● **What the task requires**
All records, minus the pictures: write them out exactly.

● **Material for the task**
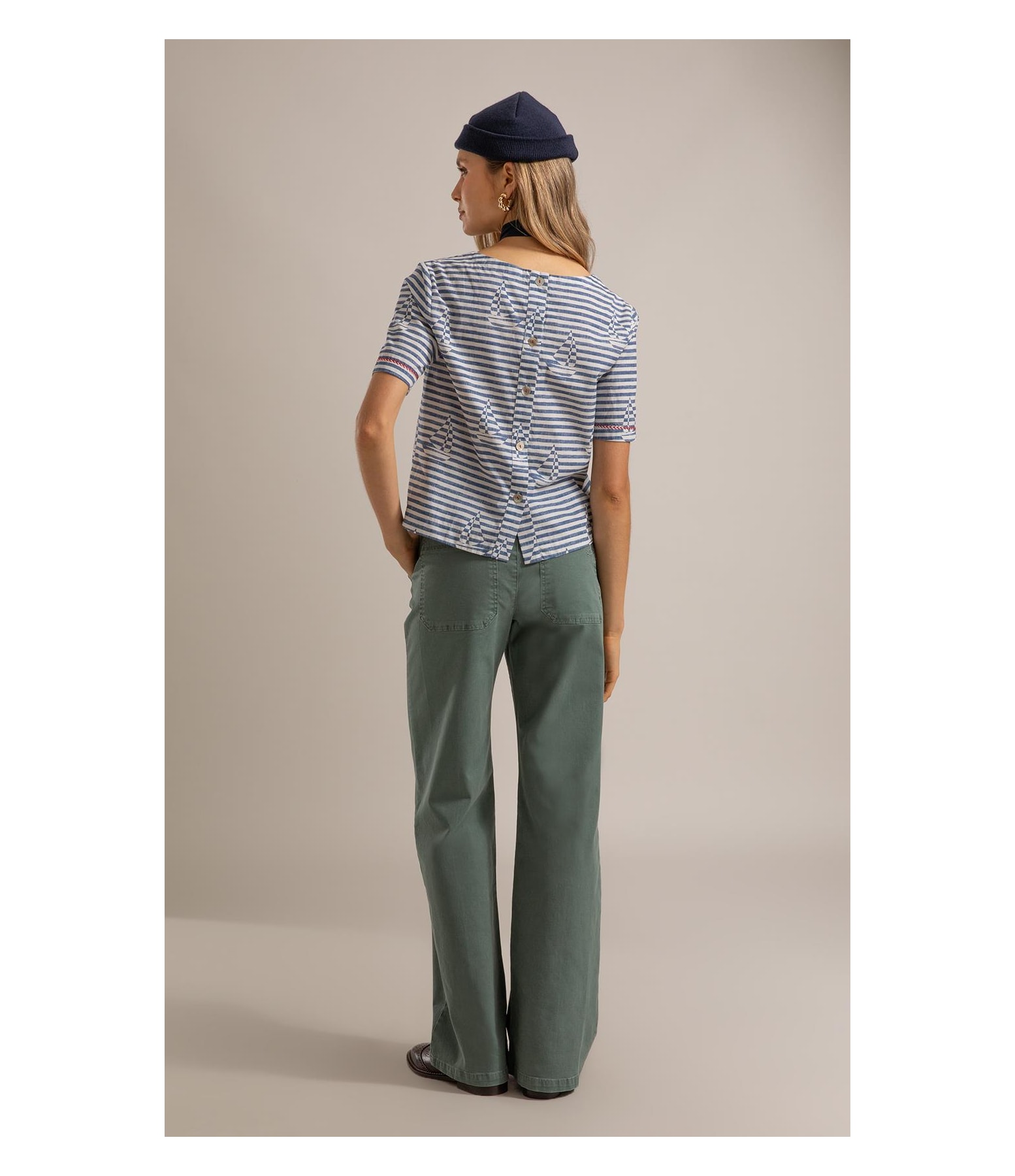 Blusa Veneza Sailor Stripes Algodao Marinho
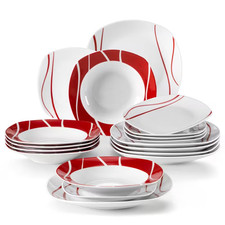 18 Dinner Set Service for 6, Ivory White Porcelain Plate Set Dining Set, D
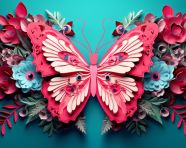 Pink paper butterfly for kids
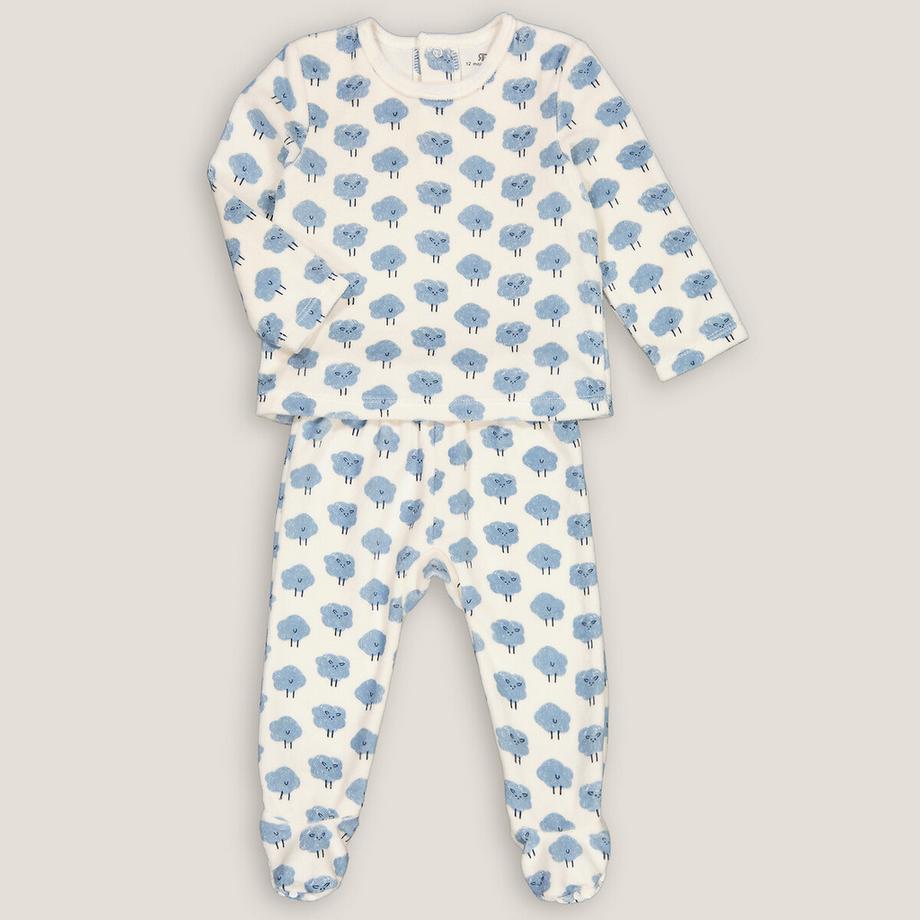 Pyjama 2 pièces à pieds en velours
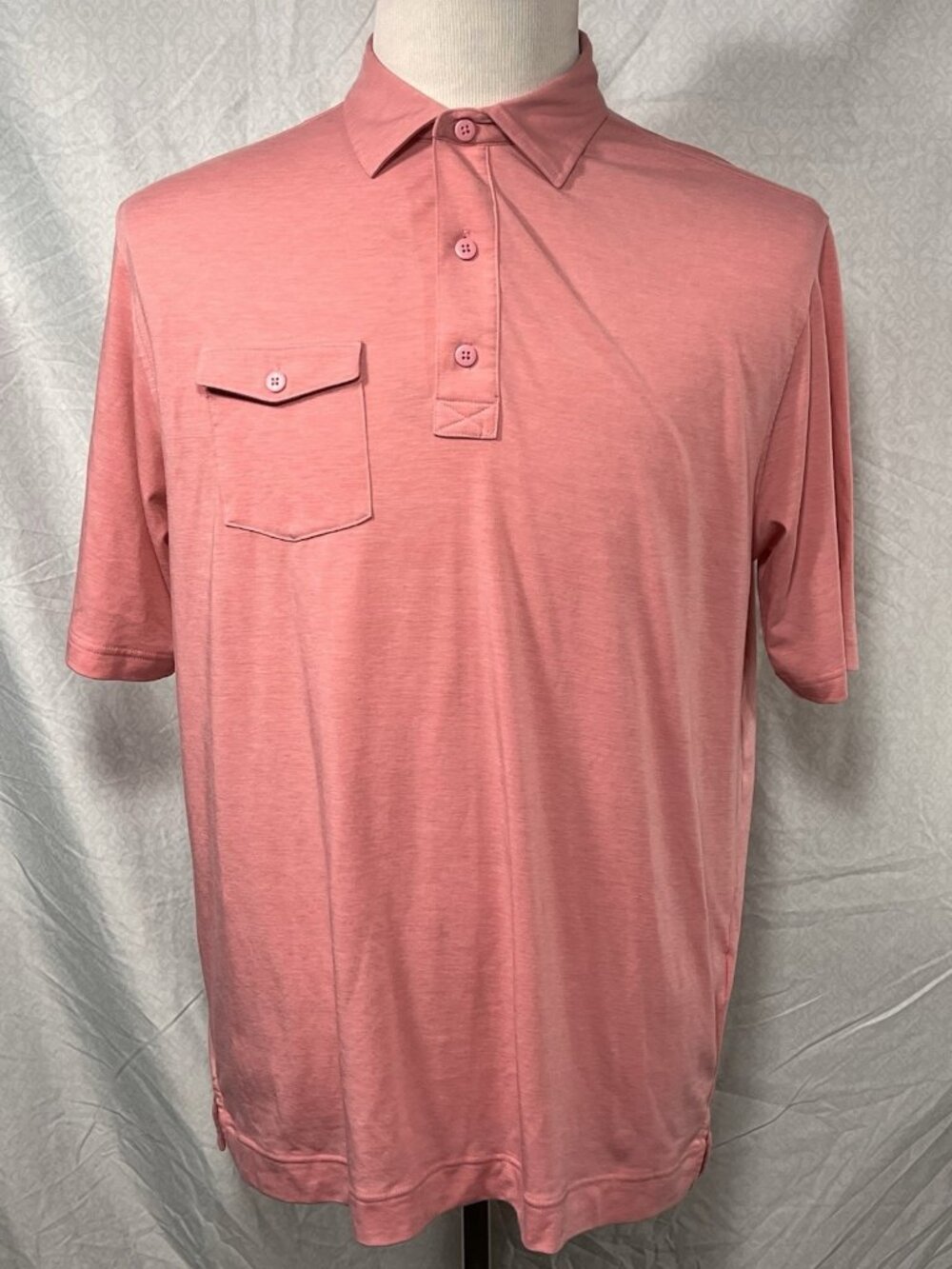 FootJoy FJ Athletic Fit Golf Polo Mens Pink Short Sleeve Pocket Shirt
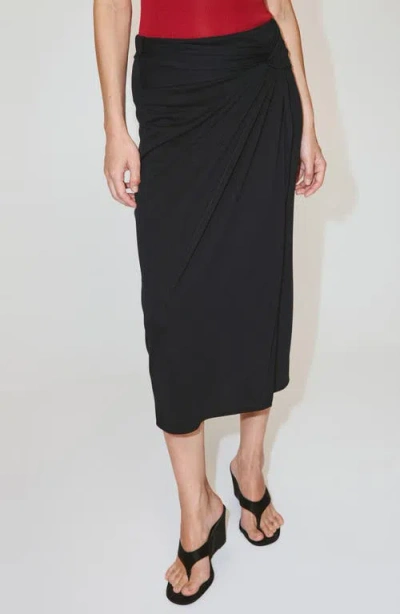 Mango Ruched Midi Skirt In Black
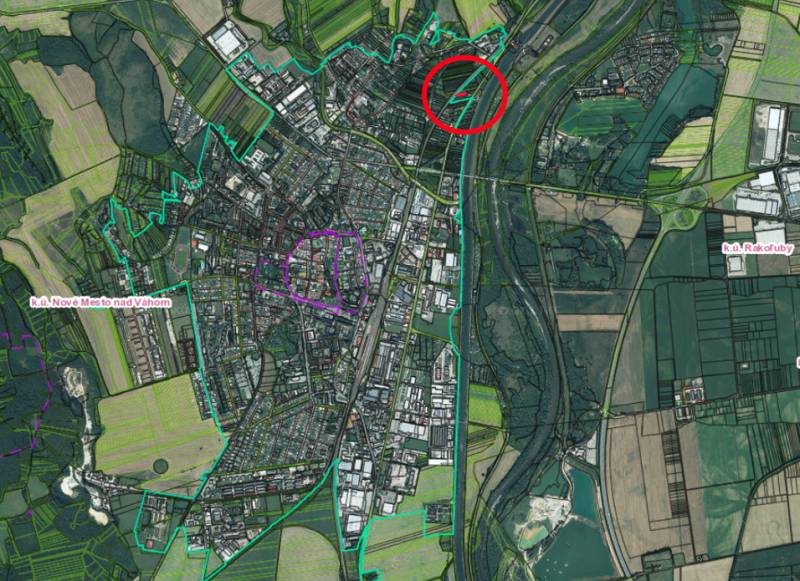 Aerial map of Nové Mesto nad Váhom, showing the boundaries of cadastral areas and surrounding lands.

● **Exercise result**
 Blusa Veneza Sailor Stripes Algodao Marinho
 18 Dinner Set Service for 6, Ivory White Porcelain Plate Set Dining Set, D
 Pink paper butterfly for kids
 Pyjama 2 pièces à pieds en velours
 FootJoy FJ Athletic Fit Golf Polo Mens Pink Short Sleeve Pocket Shirt
 Mango Ruched Midi Skirt In Black
 Aerial map of Nové Mesto nad Váhom, showing the boundaries of cadastral areas and surrounding lands.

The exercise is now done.